Early in December Richard had lunch with the Features Editor of the Sunday broadsheet which would be publishing his long profile of Gwyn Barry. "What we want to know," said the Features Editor, "is what every reader wants to know: what's he really like. You know him as well as anyone. You know: what's he really like."
They would run the piece after Gwyn's pub date: absorb the "impact." More generally, the Features Editor went on, Richard should examine the pressures facing the successful novelist in the late 1990s.
On the day before his trial for drunken driving Richard took a spin in the Maestro: to Wroxhall Parade. Belladonna answered the door in a black two-piece suit, a black hat and a black veil. The veil held dull gray sequins in its mesh; it resembled a spider's web complete with dead flies. In the Maestro they rode to Holland Park Avenue. He didn't feel like a pimp or a pander or an agent provocateur. He felt like a minicab driver.
Gwyn treated him as such. Unsmilingly he led Belladonna off to his study, and Richard poked around in the kitchen, failing to read a new biography but successfully drinking beer.
She was quiet, and maybe even quietly tearful behind her veil, when he drove her back to Wroxhall Parade. He asked her what had happened and she kept saying Nothing.
Richard went to court and was duly admonished and fined and banned- for a year.
Demi failed her driving test for the third time.
Crash couldn't understand it. "This is beyond my comprehension," he said, as he drove her woundedly back from Walthamstow. Not only did the driving instructor and the driving examiner originate from the West Indies. They originated from the same island.

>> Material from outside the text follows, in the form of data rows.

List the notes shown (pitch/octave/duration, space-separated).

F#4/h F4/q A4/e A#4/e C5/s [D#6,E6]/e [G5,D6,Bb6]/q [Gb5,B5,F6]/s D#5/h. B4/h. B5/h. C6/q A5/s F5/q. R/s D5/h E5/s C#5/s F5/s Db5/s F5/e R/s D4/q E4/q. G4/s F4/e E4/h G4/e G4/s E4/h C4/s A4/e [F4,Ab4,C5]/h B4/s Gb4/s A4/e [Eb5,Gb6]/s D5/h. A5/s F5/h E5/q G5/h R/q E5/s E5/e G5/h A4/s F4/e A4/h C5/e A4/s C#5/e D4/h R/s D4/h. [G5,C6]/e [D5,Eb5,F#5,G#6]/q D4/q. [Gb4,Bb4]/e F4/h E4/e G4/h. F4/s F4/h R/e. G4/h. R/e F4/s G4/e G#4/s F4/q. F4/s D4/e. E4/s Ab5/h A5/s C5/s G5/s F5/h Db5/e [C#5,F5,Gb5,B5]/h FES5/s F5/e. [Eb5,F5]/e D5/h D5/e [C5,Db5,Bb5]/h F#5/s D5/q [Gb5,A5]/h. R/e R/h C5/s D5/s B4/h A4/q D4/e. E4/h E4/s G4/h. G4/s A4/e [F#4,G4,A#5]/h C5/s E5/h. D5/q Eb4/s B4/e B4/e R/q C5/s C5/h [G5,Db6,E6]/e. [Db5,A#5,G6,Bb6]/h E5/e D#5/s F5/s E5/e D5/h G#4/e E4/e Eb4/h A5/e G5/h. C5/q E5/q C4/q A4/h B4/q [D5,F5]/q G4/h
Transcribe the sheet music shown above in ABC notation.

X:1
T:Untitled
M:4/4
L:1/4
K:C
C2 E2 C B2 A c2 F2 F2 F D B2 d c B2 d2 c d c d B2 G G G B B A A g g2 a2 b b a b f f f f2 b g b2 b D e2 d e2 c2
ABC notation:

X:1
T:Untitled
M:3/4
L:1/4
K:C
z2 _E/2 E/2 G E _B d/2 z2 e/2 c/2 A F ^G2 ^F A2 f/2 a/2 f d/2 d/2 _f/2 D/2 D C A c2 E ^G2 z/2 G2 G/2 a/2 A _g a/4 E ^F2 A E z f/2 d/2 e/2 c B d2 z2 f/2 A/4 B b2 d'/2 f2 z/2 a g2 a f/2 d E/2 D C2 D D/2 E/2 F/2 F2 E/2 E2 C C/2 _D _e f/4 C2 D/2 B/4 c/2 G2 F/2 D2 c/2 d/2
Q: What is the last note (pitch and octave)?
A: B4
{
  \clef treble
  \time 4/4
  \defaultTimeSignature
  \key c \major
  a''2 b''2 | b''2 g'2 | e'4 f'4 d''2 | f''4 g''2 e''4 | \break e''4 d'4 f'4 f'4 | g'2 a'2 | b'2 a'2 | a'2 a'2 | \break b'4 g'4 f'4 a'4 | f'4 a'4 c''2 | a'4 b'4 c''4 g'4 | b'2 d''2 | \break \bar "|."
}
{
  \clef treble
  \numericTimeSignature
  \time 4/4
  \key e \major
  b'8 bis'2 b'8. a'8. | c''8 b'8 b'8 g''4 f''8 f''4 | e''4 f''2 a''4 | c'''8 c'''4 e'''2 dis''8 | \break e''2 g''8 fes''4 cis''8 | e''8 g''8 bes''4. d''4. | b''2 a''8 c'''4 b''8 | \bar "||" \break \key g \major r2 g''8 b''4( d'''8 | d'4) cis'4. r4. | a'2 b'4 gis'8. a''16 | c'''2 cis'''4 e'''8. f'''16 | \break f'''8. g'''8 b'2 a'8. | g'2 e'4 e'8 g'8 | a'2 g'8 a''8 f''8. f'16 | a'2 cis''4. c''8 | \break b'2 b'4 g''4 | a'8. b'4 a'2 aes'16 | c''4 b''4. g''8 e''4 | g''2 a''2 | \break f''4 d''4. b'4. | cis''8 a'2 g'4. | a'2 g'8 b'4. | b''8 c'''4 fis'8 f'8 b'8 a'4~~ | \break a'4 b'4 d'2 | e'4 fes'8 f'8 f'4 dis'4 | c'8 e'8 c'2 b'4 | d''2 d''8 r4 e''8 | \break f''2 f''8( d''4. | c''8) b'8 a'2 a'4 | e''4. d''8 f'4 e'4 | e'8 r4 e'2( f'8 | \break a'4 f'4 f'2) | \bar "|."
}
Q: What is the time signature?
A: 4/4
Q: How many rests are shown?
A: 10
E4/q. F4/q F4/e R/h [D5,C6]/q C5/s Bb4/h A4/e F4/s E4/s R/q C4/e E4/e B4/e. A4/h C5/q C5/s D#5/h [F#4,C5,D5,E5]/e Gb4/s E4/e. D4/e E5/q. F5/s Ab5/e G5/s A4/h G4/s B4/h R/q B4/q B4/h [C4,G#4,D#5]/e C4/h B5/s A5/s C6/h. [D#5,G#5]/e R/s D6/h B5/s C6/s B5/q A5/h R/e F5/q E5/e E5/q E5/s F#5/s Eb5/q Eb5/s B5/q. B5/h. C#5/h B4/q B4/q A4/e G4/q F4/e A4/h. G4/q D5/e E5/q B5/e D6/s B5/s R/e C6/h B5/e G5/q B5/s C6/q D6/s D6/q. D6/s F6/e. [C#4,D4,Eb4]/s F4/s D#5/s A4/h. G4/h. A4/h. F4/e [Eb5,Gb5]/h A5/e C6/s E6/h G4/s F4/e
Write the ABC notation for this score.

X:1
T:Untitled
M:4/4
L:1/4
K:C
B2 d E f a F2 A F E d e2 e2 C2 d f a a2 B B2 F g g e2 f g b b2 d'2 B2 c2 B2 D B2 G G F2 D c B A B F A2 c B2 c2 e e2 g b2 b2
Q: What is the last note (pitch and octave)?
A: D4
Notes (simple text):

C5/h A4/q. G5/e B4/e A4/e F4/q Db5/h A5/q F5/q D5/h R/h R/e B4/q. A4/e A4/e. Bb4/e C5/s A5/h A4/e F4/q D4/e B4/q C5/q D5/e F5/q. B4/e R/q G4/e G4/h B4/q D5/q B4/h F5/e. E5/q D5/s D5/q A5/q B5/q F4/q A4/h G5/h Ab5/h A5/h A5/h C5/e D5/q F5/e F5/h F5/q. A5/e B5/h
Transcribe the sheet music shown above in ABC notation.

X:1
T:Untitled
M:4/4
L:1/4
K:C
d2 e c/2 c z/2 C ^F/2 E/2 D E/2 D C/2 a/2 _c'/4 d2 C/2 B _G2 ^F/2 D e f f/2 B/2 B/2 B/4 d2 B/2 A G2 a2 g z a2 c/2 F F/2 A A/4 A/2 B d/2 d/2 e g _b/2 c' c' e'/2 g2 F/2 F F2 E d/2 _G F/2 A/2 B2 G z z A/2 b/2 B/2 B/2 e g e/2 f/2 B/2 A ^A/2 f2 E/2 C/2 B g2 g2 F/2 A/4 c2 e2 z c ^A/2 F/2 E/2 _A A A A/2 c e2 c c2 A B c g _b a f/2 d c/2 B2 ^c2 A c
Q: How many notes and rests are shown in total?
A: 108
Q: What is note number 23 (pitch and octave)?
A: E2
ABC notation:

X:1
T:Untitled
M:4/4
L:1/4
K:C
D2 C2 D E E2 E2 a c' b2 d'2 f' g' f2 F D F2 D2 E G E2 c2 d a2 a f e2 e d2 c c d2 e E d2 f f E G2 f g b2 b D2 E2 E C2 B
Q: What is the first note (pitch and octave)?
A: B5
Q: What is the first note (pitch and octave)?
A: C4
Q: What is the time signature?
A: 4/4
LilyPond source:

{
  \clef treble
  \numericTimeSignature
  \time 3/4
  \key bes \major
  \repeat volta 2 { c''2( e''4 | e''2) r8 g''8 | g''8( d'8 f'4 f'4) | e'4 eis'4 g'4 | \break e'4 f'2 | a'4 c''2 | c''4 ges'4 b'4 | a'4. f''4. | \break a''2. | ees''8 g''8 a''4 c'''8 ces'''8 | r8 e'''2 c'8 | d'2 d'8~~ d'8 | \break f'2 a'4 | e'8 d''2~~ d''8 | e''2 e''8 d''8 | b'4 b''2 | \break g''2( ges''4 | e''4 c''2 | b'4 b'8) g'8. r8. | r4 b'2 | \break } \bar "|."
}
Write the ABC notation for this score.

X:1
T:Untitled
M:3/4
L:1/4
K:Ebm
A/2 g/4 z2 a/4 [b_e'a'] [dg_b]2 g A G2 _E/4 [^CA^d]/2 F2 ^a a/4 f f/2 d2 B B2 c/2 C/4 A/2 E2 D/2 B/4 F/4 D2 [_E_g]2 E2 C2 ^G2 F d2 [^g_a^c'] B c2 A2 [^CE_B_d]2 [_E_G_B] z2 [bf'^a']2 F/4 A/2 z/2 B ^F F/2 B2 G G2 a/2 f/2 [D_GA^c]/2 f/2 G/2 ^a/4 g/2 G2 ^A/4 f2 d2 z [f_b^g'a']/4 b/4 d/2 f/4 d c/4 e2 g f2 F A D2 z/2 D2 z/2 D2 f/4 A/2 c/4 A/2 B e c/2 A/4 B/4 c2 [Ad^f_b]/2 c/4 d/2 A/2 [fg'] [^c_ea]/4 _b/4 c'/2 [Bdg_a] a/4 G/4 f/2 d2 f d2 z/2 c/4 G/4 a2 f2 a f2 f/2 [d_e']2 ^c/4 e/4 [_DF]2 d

As Crash approached central London he relented, and taught Demi something nice: the use of the hazard lights to express gratitude. Often, as you joined a queue of traffic from a side road, and a fellow motorist held back to admit you, there wasn't enough time to wave or flash your thanks. A brief application of the hazard lights, however, allowed you to salute the indulgence of the car behind.
One whose oldest son left home received instruction from Father Duryea at St. Anthony's.
One whose marriage ended traveled first to Israel, then to Africa.
They all suffered from pains. These pains were informers sent by death.
One who heard mechanical noises in his ears attached a mirror to his shoe and stood in crowds where women gathered.
One who wore his hair swiped upward from his right sideburn abjured the love of women and sought the love of men.
One who could still see the bus when the bus was nice and near started responding to the propositions written on cards and left in street-corner telephone booths.
They all kept comparing what had gone to what would come.
One abstained from meat and fish, and eggs, and fruit that failed to fall to the ground of its own accord.
One grew fat and had nightly dreams of lopping.
One bought an electric juicer and came to fear the force of electricity.
They all saw what lay behind. If they looked, they could see what lay ahead. They didn't choose to look. But at three in the morning something woke them with the fizzy rush of an old flash camera, and there they all were, staring down the sights of their lives and drawing a bead on the information.
"What does it mean anyway: 'chief me out'?"
"Like you called him chief. Your chiefed him out."
"What's wrong with chief? Cabbies call you chief. Chief doesn't sound too bad."
"I asked him. He couldn't remember. All he knew was if you get called chief then you've been chiefed out. And it can't get around that you stood there and got chiefed out."